President Donald Trump announced Brett Kavanaugh as his Supreme Court nominee Monday night, in a primetime televised event. Judge Kavanaugh, a U.S. Circuit Court judge for Washington, D.C., would fill the vacant seat left by retiring Justice Anthony Kennedy, who announced his departure in late June.
Calling Trump's Supreme Court nomination an "honor and privilege," Kavanaugh addressed a crowd in the White House's East Room alongside his wife and two daughters. "A judge must interpret the law, not make the law," Kavanaugh said. If approved by the Senate, he would become the fifth conservative justice on the nation’s highest court.

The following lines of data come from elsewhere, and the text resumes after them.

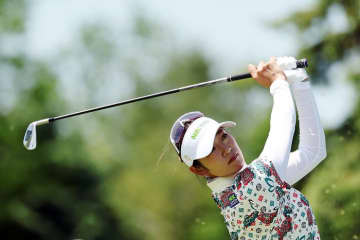 原英莉花がボギーなし「69」の5位発進　山口すず夏ら78位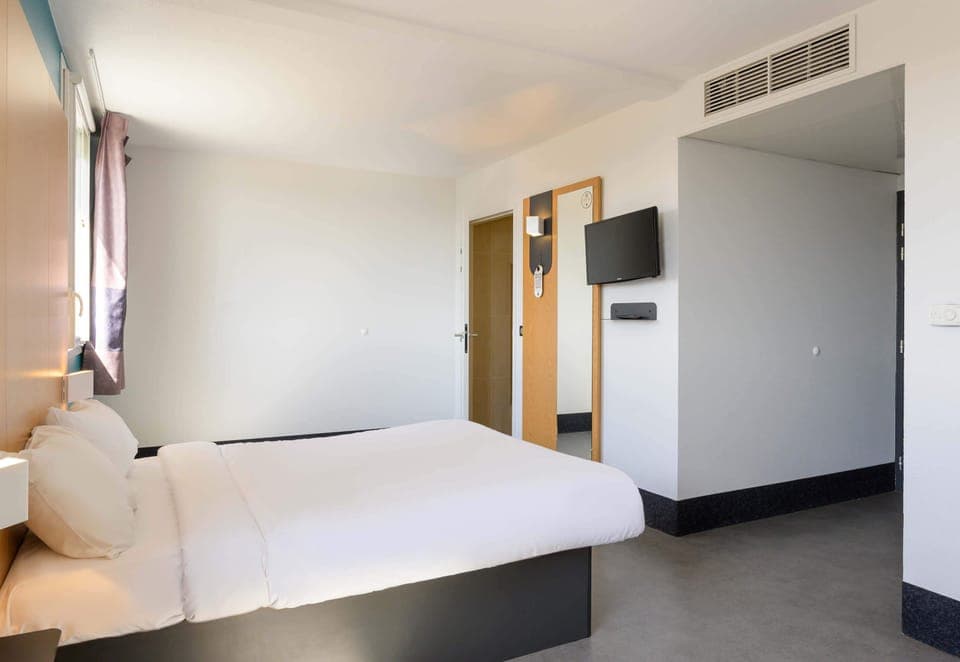 Double Room, Accessible | Premium bedding, desk, blackout drapes, soundproofing
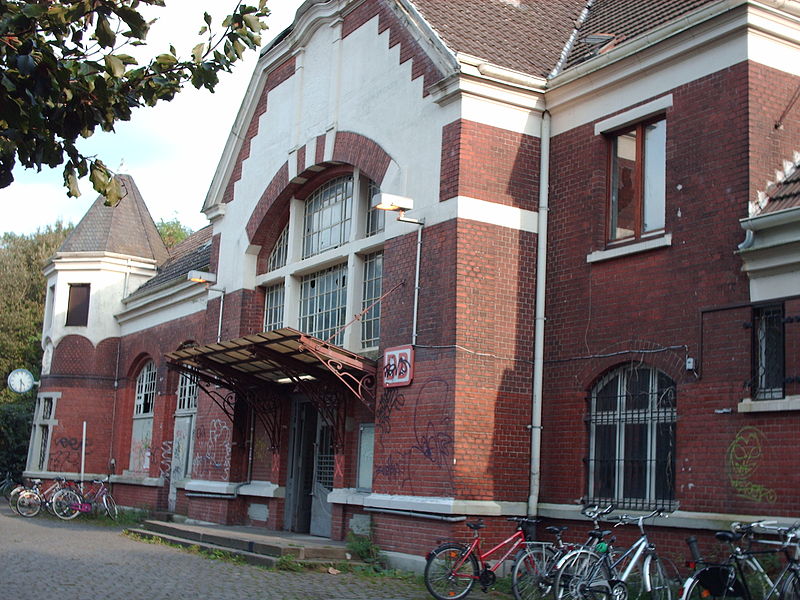 File:Bahnhof Kurl 2.jpg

On the issues, Kavanaugh seems to tick many of the boxes of interest to Trump, who included him on a list of potential Supreme Court picks published by the White House in November 2017.
Age was an important factor in making Trump's Supreme Court list; Kavanaugh is 53 years old, which would guarantee a measure of longevity on the court, if he is approved by Congress.

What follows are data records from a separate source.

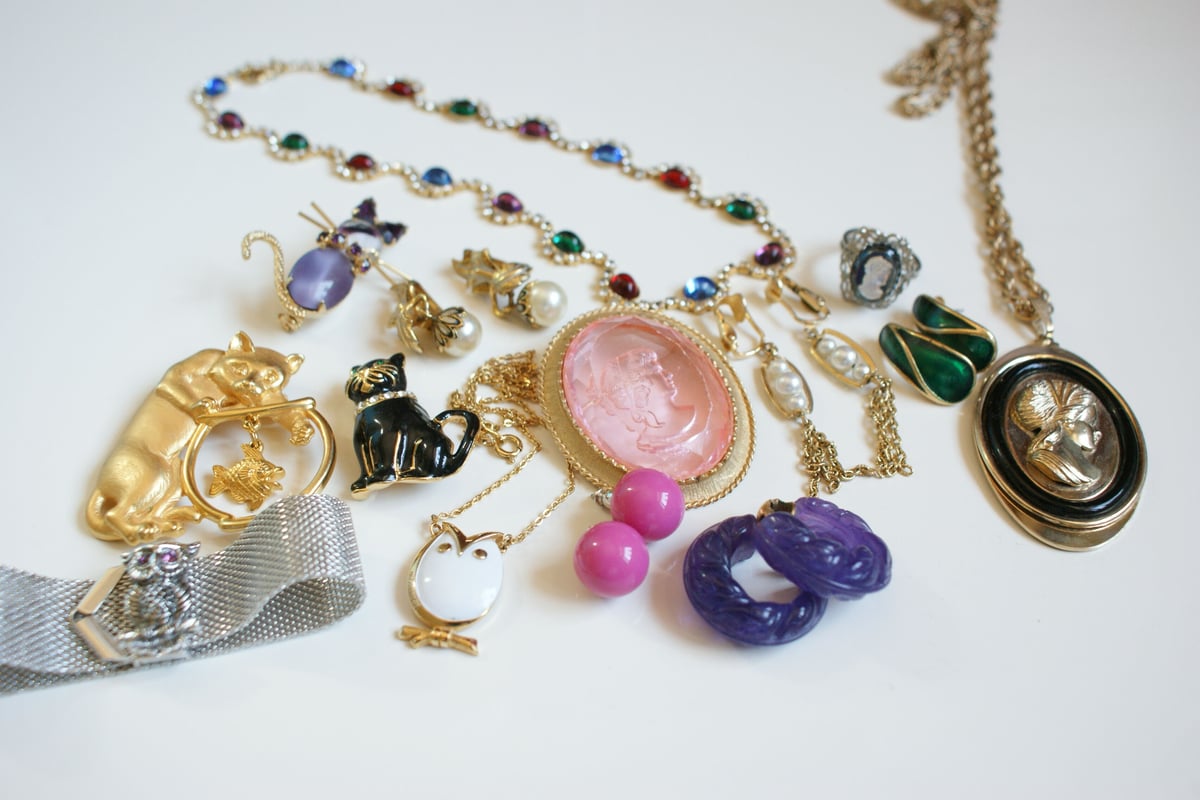 カメオ作家作品　ヴィンテージ❤️ ブローチ　ピンブローチ　 ネックレストップ❤️ ネックレス カメオ ペンダントトップ ブローチ ゴールド金具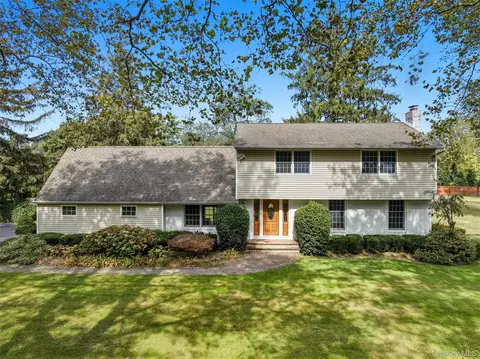 9 Snowball Dr, Cold Spring Harbor, NY 11724
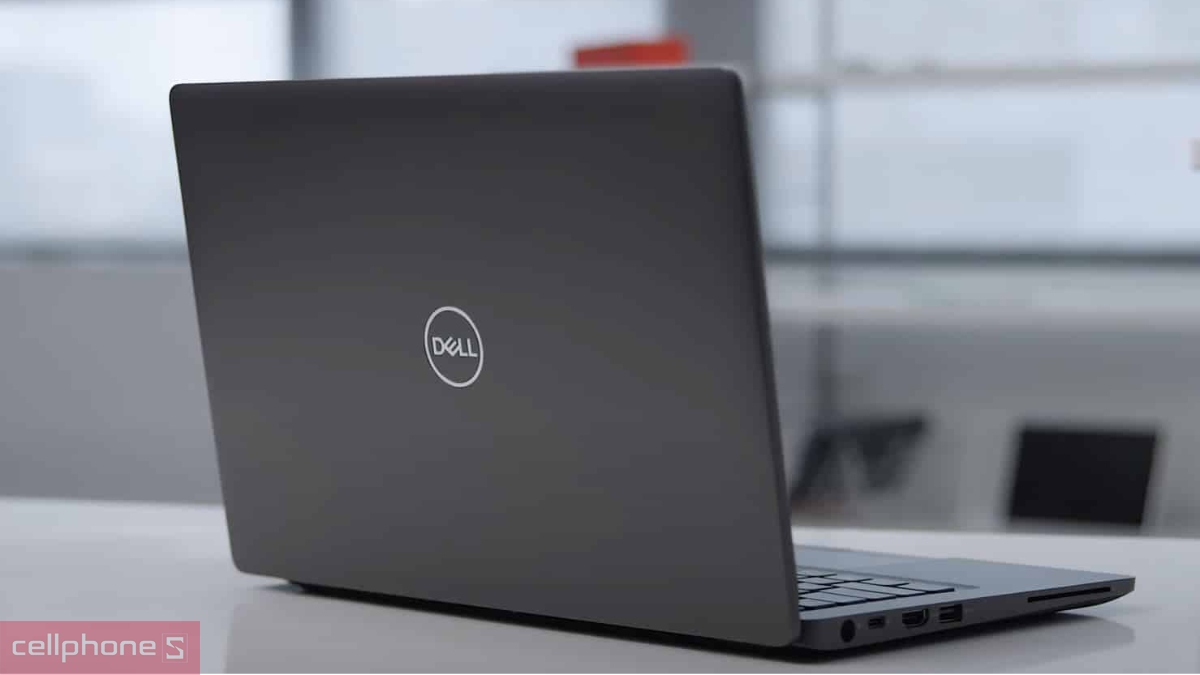 Laptop Dell i3 sở hữu thời lượng pin vừa đủ để đáp ứng các nhu cầu sử dụng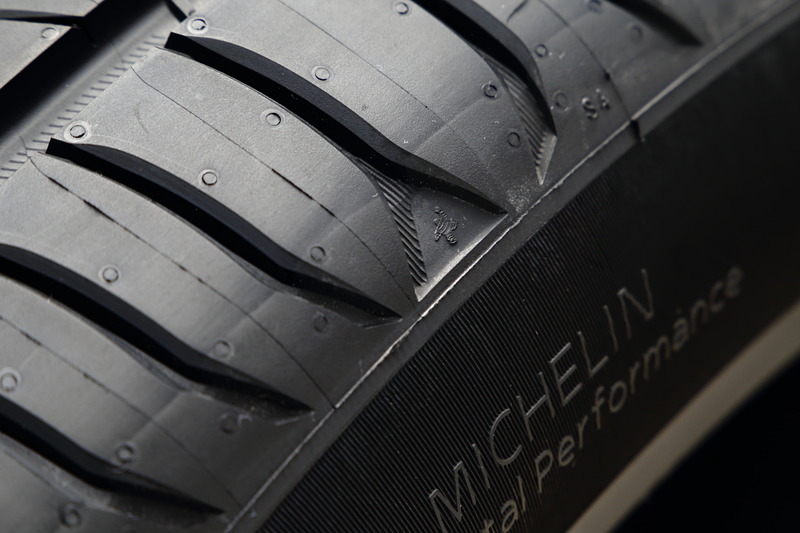 スリップサインはミシュランマン（海外ではビバンダム）が教えてくれる。摩耗時にも消えることのない場所なので分かりやすい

Kavanaugh's views on impeachment could be controversial and of interest to Trump. The Supreme Court nominee argued in the past that President Bill Clinton could have been impeached for lying to and misleading both his staff and the public at large. But after working in the George W. Bush administration, Kavanaugh's stance has softened, reports The Washington Post. Kavanaugh now reportedly believes court proceedings against a sitting president should be deferred until after he or she is out of office.

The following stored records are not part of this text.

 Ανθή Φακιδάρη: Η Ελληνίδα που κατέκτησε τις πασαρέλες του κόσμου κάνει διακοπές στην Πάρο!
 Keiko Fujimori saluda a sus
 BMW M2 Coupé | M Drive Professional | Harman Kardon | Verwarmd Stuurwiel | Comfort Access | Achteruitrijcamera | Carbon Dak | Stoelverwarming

"The indictment and trial of a sitting President, moreover, would cripple the federal government, rendering it unable to function with credibility in either the international or domestic arenas," Kavanaugh wrote in a 2012 piece titled "Separation of Powers During the FortyFourth Presidency and Beyond" for the Minnesota Law Review.
In addition to opposing abortion rights, Kavanaugh is also reportedly against net neutrality, according to an article from Motherboard.
If confirmed, Kavanaugh will become Trump’s second Supreme Court appointment. Justice Neil Gorsuch was Trump's Supreme Court pick in 2017.
Kavanaugh was among four potential nominees Trump interviewed for the lifetime appointment. The list also included Amy Coney Barrett, Amul Thapar and Raymond Kethledge. Thomas Hardiman, a runner up for Gorsuch's seat, also reportedly met with Trump, reports TIME.